I thought the most logical place to start in assessing the performance of the coaches would be year over year changes in goals for and goals against.  I compiled the goals for and goals against data for all 30 teams in each season since the lockout, calculated the percentage change in each from the previous year.  I then tried to normalize the percentage change data by calculating the average change each year and the standard deviation of the data.  I then selected out those results that lie between one and two standard deviations away from the mean (classified as “moderately exceptional”), and those results that lie two standard deviations or more away from the mean (classified as “significant”).

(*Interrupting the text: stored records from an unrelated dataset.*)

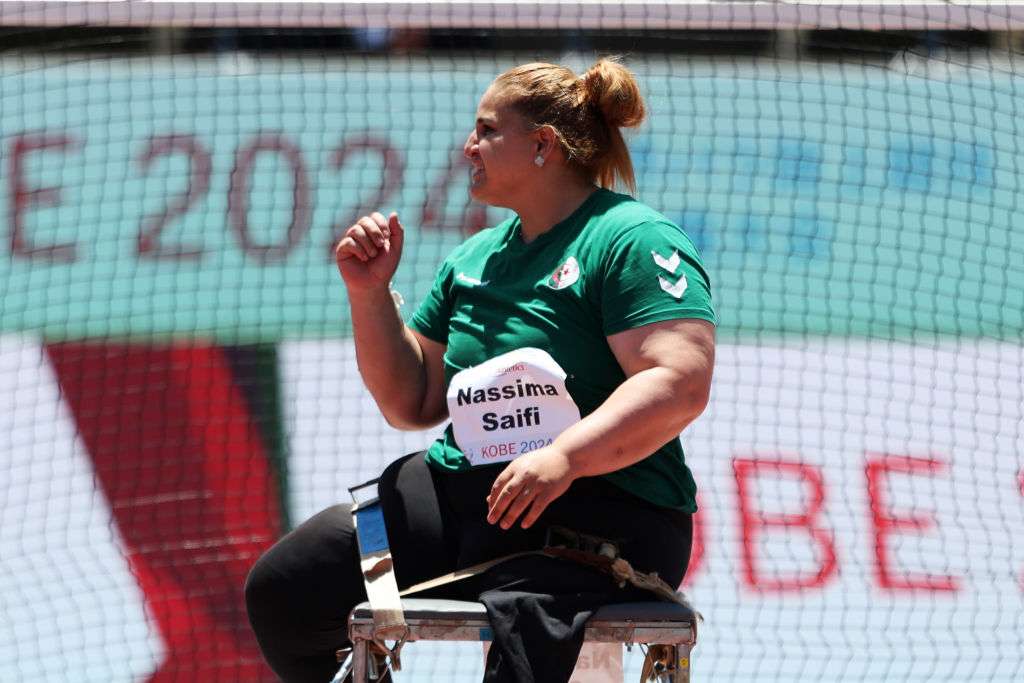 نسيمة صايفي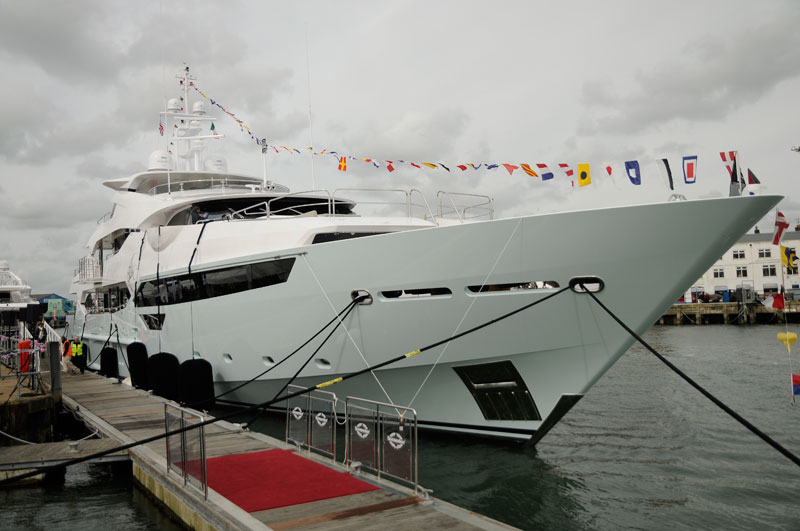 Motor Boat & Yachting | Sunseeker 155 Yacht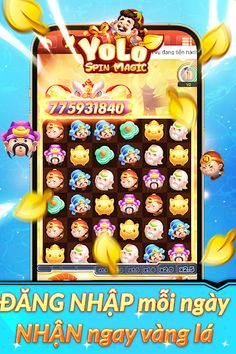 yolo spin-Magic - Screenshot 2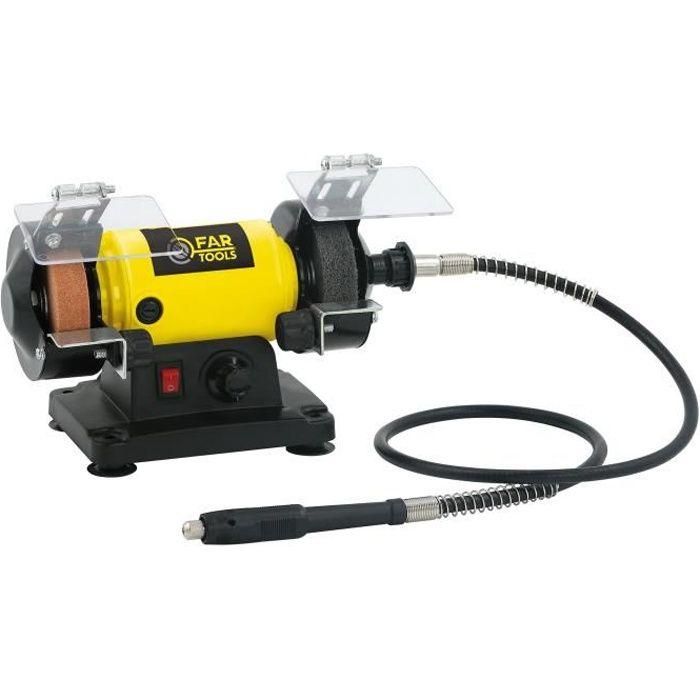 Mini amoladora FARTOOLS 120 W MBG120 Mini amoladora FARTOOLS 120 W MBG120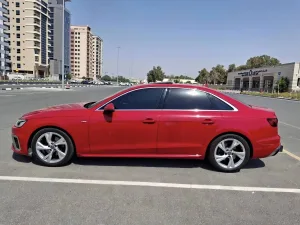 2020 اودي آي ٤ 40 TFSI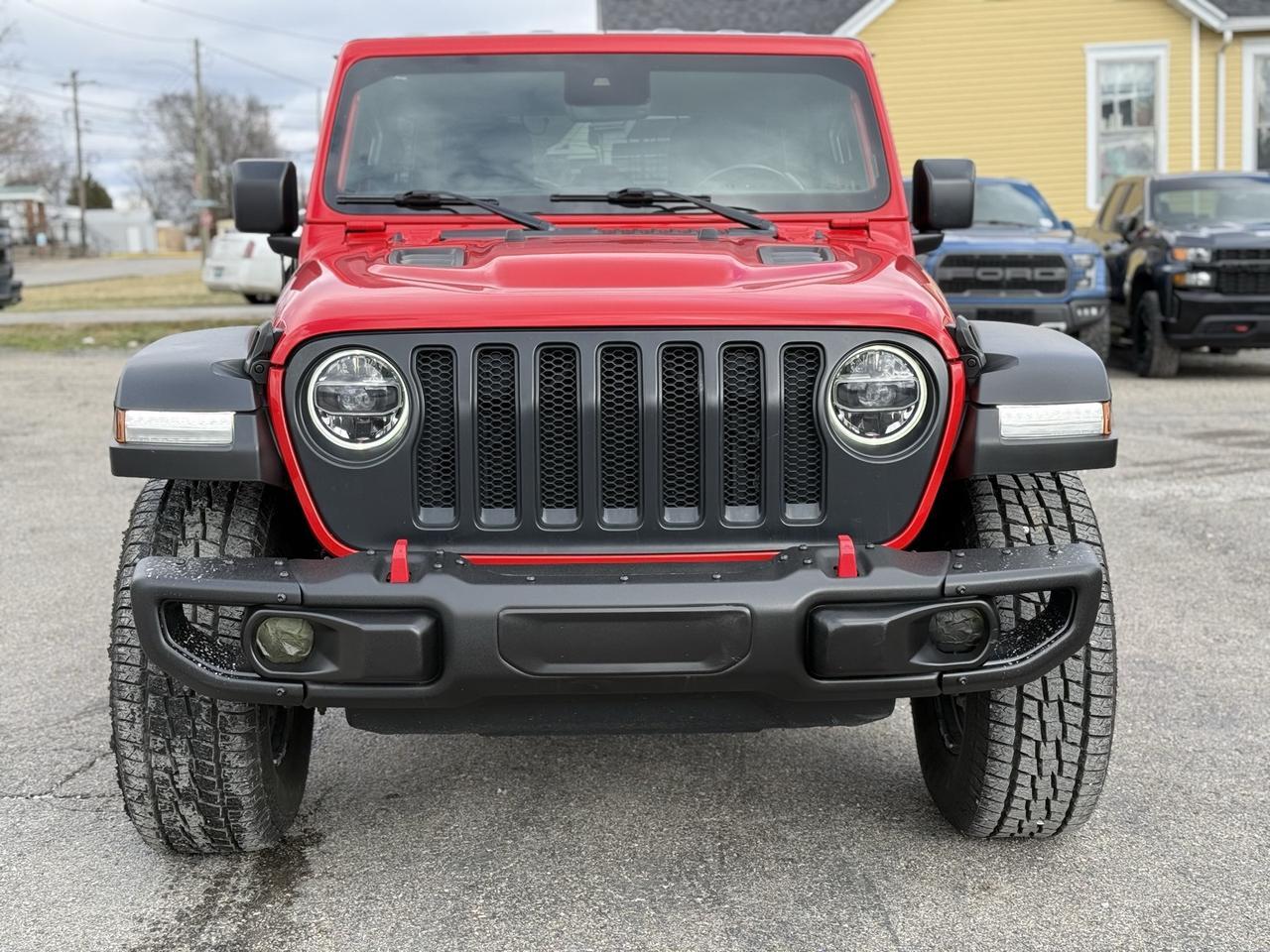 2021 Jeep Wrangler Unlimited Rubicon Crestwood KY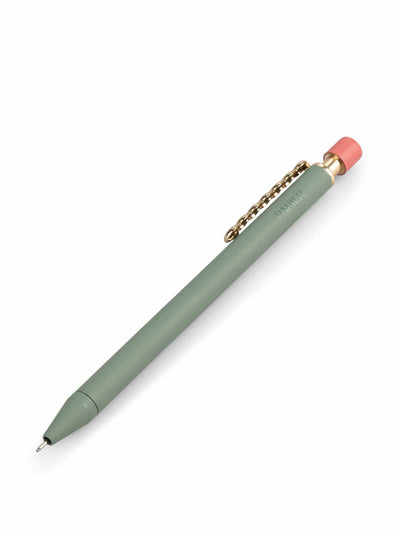 Papier Green click-and-write pencil at Collagerie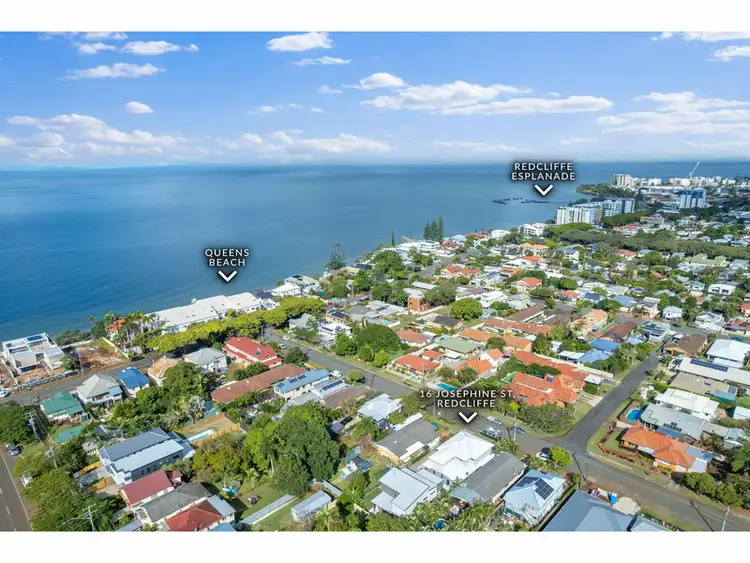 Second view of Homely house listing, 16 Josephine Street, Redcliffe QLD 4020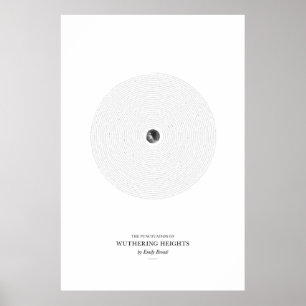 Mellan Ord: Stigande höjder Poster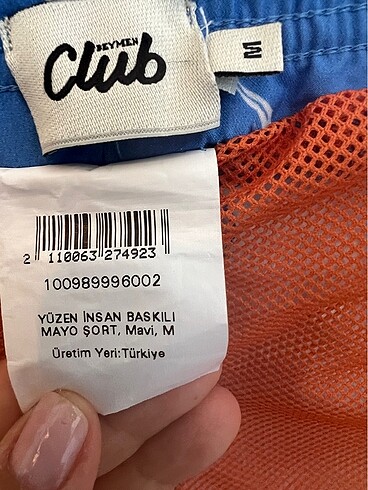 Erkek mayo - Görsel 5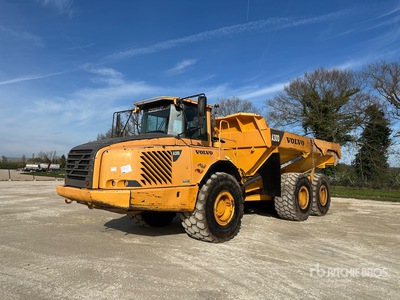 2006 Volvo A30D Tombereau Articule Articulated Dump Truck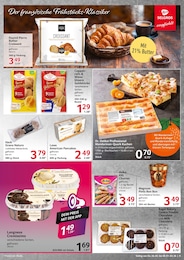 Baguette Angebot im aktuellen Selgros Prospekt auf Seite 9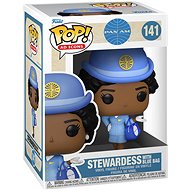 Funko POP! Ad Icons Pan Am- Stewardess w/(BU) Bag - Figure
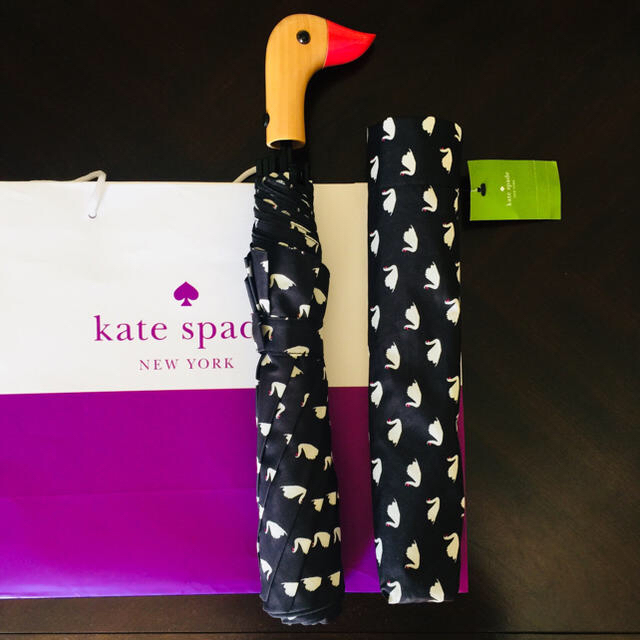 kate spade ケイトスペード  スワン ピアス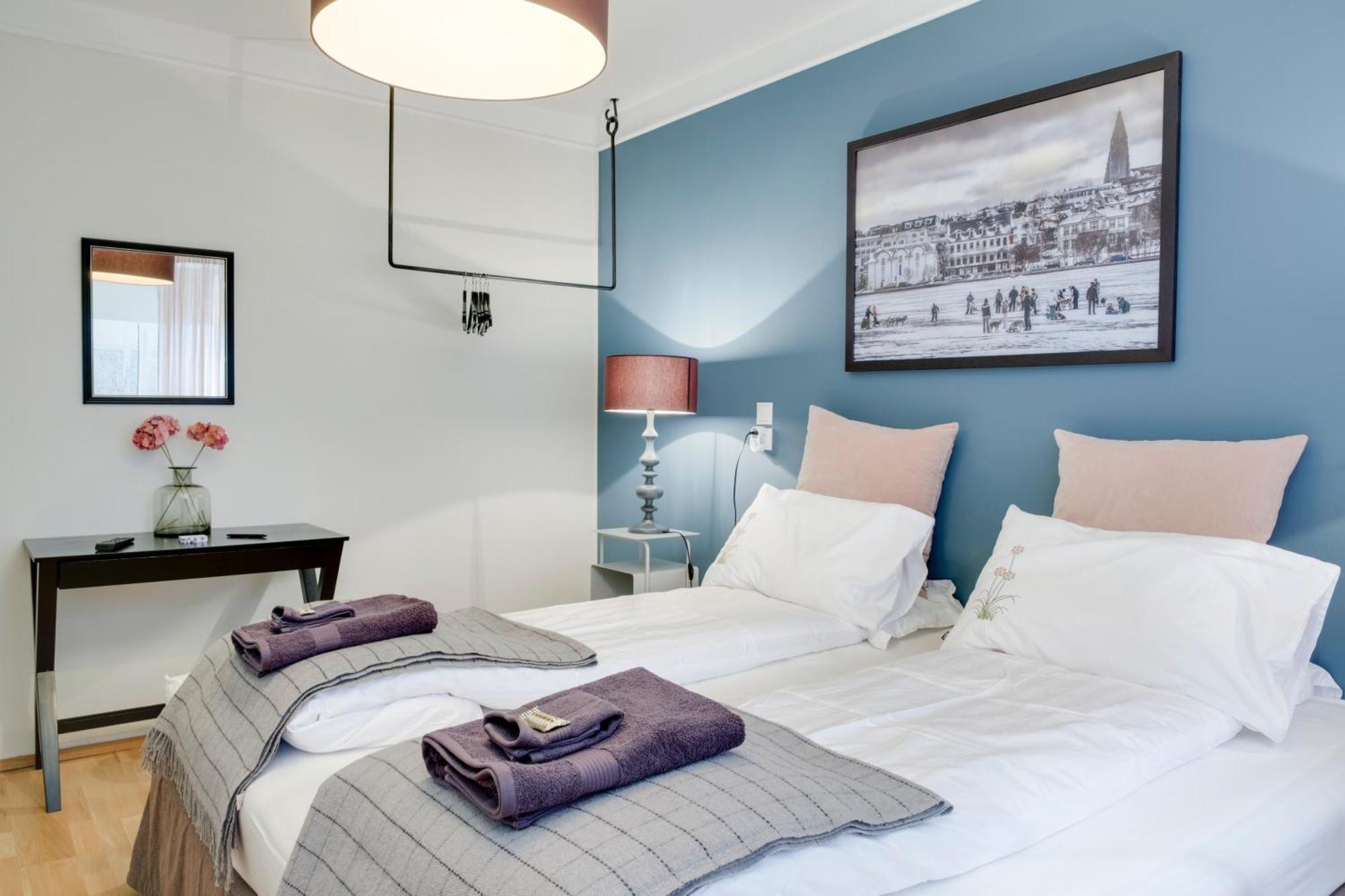 Guest house Freyja & 2*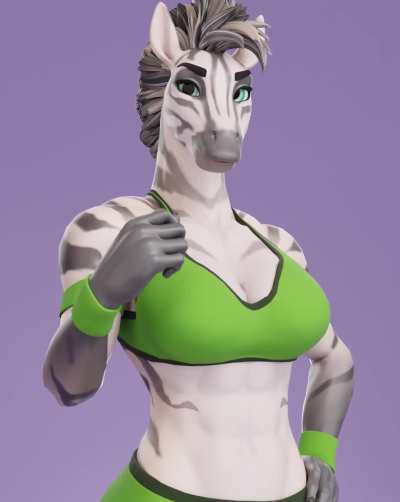 She is inviting you for something special. (Anthro Heat) [Furry VR NSFW Game] [F]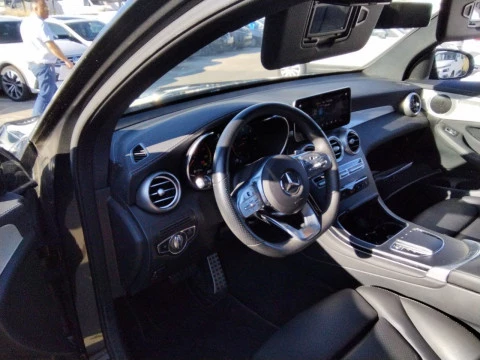Mercedes-Benz GLC Coupé GLC 300 d 4MATIC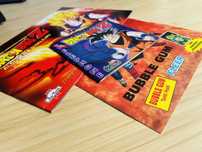 3 Albumy Dragon Ball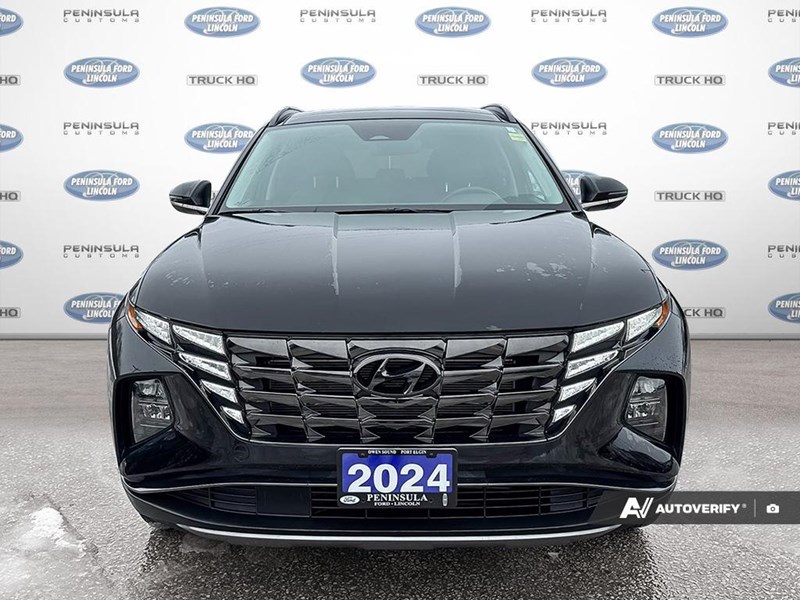 2024 Hyundai Tucson Trend AWD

Link to Google docs spreadsheet re: YOY data: change in GF and GA

Assuming that the year-to-year changes are normally distributed, if I remember my statistics class correctly, the results that are interesting are those that fall more than one or two standard deviations from the mean. Those are the results I mentioned above, with the moderate desirable increments marked in light green, the significant desirable increments marked in dark green, the moderate undesirable increments marked in pink, and the significant undesirable increments marked in red.

If I’m reading all of the data correctly, it would appear that the standard deviation of the Goals Against data is typically between about 9 and 12 per cent.  Thus, an increase or decrease of anything less than 9 to 12 per cent, statistically speaking, represents the mushy random middle, results in the 68% of data that cluster around the mean in a normal distribution.  If I am applying the theory correctly, it would be unwise to come to any conclusion that the team’s performance had either improved or deteriorated based on data of this nature.  To make that sort of judgement, I would suggest that to even make a weak judgment about significant differences in performance, we would need to observe an increment (or reduction) of between 9-12% and 18 to 24% (these would be the results between one and two standard deviations from the mean).  Variances of more than 18 to 24% from last year’s data could confidently be said to represent a clear indication of differential performance.

Two thoughts come to my mind: first, it’s important to keep in mind the (perhaps obvious) but important point that increases or decreases in a team’s goals for or goals against are not solely attributable to coaching.  In fact, it’s probably a live question whether coaching can be said to have a demonstrable effect upon the results at all.  Certainly, the old saw is that “you can’t teach scoring,” though it is generally believed that coaches and their systems can and do have a more pronounced effect upon the defensive side of the game (and, by extension, the goals against ledger).    If anyone has any thoughts on how to examine the evidence in that regard, I’d love to hear about it.

Second, the numbers involved are fairly large. I think the data seem to be telling us that wide variances in the numbers may be expected from year to year for purely random (or at least statistically uninformative) reasons.

If that last conclusion is correct, unless there is an enormous change in the Leafs goals against totals this year (more than +/- 20%, which in practice would translate into about a 54 goal change either way), it seems that we ought not to make any judgements about the performance of the coaching staff based upon these numbers.